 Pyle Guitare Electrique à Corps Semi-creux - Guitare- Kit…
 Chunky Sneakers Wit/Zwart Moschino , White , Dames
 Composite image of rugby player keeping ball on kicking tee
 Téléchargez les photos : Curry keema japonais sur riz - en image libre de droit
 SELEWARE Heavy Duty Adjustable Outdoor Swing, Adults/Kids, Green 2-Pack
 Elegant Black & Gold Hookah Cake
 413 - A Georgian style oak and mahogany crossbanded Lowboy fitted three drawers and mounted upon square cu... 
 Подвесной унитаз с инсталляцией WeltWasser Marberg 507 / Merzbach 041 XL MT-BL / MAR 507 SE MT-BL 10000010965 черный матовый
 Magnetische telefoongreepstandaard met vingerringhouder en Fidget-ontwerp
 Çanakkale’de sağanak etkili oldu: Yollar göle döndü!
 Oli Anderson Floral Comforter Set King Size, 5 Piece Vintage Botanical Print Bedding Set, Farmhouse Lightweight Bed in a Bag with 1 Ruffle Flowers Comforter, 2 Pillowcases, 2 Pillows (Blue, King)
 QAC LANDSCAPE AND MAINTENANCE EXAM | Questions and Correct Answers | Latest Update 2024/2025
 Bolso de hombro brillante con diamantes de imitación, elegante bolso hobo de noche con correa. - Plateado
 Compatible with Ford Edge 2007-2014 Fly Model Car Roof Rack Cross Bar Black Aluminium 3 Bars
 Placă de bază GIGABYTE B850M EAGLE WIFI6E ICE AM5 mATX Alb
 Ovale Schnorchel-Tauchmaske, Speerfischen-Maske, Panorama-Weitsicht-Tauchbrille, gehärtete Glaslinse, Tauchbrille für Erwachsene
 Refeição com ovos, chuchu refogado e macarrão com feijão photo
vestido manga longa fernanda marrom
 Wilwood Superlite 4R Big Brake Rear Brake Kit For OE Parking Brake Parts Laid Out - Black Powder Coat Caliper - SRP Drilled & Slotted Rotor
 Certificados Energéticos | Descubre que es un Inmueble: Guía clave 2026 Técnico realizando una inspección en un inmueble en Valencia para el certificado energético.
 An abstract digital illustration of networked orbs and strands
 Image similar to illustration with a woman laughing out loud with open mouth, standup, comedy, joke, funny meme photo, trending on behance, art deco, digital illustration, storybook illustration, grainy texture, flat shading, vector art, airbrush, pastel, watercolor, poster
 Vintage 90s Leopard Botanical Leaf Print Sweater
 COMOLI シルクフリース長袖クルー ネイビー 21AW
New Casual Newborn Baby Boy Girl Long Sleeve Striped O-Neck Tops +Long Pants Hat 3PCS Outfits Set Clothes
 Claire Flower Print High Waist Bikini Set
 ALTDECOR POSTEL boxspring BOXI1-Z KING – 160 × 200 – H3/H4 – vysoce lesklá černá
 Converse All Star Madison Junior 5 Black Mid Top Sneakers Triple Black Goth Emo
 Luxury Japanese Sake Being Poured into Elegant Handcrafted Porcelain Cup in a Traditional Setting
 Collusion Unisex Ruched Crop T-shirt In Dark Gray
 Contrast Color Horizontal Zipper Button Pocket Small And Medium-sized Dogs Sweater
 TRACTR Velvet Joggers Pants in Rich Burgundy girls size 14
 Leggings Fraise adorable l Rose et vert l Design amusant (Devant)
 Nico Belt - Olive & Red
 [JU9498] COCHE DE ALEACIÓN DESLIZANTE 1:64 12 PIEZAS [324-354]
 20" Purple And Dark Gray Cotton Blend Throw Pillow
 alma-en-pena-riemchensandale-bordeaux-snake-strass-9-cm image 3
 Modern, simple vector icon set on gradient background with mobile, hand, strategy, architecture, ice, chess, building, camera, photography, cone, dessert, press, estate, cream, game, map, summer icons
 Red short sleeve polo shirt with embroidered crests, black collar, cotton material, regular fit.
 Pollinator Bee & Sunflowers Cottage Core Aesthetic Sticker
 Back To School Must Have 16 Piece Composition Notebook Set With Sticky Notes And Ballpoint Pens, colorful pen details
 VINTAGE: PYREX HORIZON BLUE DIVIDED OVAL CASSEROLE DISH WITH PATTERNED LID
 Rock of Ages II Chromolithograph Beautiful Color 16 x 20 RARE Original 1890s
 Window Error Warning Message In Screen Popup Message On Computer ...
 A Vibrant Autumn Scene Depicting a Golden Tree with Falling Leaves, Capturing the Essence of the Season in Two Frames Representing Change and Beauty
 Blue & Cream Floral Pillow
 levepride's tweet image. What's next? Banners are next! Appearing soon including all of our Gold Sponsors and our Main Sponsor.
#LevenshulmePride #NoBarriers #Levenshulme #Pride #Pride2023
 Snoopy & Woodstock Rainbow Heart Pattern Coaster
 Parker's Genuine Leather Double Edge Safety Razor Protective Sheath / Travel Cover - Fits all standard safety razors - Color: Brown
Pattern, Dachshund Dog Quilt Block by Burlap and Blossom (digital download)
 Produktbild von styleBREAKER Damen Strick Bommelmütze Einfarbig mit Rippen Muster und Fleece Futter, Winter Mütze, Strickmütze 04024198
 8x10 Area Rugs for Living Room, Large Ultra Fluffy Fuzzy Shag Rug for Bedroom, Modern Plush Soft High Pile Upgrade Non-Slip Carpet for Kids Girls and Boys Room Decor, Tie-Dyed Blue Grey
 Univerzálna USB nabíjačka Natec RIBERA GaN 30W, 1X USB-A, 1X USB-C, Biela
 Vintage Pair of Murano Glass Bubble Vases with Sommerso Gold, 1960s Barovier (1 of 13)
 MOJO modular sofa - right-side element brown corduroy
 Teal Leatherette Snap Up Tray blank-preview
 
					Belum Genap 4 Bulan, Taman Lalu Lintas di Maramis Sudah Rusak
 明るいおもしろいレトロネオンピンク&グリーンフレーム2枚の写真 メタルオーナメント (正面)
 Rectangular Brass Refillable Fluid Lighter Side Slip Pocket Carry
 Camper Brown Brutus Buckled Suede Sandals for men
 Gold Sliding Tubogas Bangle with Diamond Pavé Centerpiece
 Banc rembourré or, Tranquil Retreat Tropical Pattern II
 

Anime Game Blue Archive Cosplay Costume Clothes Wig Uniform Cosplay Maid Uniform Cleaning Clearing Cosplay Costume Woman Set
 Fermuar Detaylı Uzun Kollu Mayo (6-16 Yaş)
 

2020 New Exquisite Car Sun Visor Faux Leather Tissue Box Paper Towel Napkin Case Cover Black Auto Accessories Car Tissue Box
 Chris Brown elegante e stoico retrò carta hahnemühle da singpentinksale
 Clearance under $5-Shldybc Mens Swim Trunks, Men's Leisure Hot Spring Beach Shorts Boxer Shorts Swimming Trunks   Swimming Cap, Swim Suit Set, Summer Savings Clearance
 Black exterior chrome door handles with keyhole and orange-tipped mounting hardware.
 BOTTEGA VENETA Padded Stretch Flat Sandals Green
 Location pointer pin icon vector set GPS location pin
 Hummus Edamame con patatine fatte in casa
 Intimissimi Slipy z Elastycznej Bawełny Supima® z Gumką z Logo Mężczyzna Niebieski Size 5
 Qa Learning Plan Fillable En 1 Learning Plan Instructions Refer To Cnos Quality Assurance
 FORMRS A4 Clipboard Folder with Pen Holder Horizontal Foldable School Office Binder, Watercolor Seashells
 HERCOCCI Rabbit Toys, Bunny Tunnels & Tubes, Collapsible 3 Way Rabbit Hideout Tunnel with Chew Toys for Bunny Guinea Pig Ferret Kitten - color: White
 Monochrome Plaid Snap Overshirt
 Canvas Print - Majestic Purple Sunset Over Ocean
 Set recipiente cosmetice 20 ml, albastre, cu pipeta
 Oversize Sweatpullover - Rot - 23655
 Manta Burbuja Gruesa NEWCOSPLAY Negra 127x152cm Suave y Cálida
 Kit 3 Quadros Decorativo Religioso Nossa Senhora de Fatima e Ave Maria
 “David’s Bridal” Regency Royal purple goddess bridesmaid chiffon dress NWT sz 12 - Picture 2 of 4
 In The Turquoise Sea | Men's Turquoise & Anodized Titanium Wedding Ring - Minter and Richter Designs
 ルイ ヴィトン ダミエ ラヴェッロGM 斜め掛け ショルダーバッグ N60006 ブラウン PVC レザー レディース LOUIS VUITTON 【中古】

⁂

● Exercise description
From the entries above, print the lines beginning at the one with "Leggings Fraise adorable" and stopping after the one with "Blue & Cream Floral Pillow", exactly as written and with nothing else.

● Exercise output
 Leggings Fraise adorable l Rose et vert l Design amusant (Devant)
 Nico Belt - Olive & Red
 [JU9498] COCHE DE ALEACIÓN DESLIZANTE 1:64 12 PIEZAS [324-354]
 20" Purple And Dark Gray Cotton Blend Throw Pillow
 alma-en-pena-riemchensandale-bordeaux-snake-strass-9-cm image 3
 Modern, simple vector icon set on gradient background with mobile, hand, strategy, architecture, ice, chess, building, camera, photography, cone, dessert, press, estate, cream, game, map, summer icons
 Red short sleeve polo shirt with embroidered crests, black collar, cotton material, regular fit.
 Pollinator Bee & Sunflowers Cottage Core Aesthetic Sticker
 Back To School Must Have 16 Piece Composition Notebook Set With Sticky Notes And Ballpoint Pens, colorful pen details
 VINTAGE: PYREX HORIZON BLUE DIVIDED OVAL CASSEROLE DISH WITH PATTERNED LID
 Rock of Ages II Chromolithograph Beautiful Color 16 x 20 RARE Original 1890s
 Window Error Warning Message In Screen Popup Message On Computer ...
 A Vibrant Autumn Scene Depicting a Golden Tree with Falling Leaves, Capturing the Essence of the Season in Two Frames Representing Change and Beauty
 Blue & Cream Floral Pillow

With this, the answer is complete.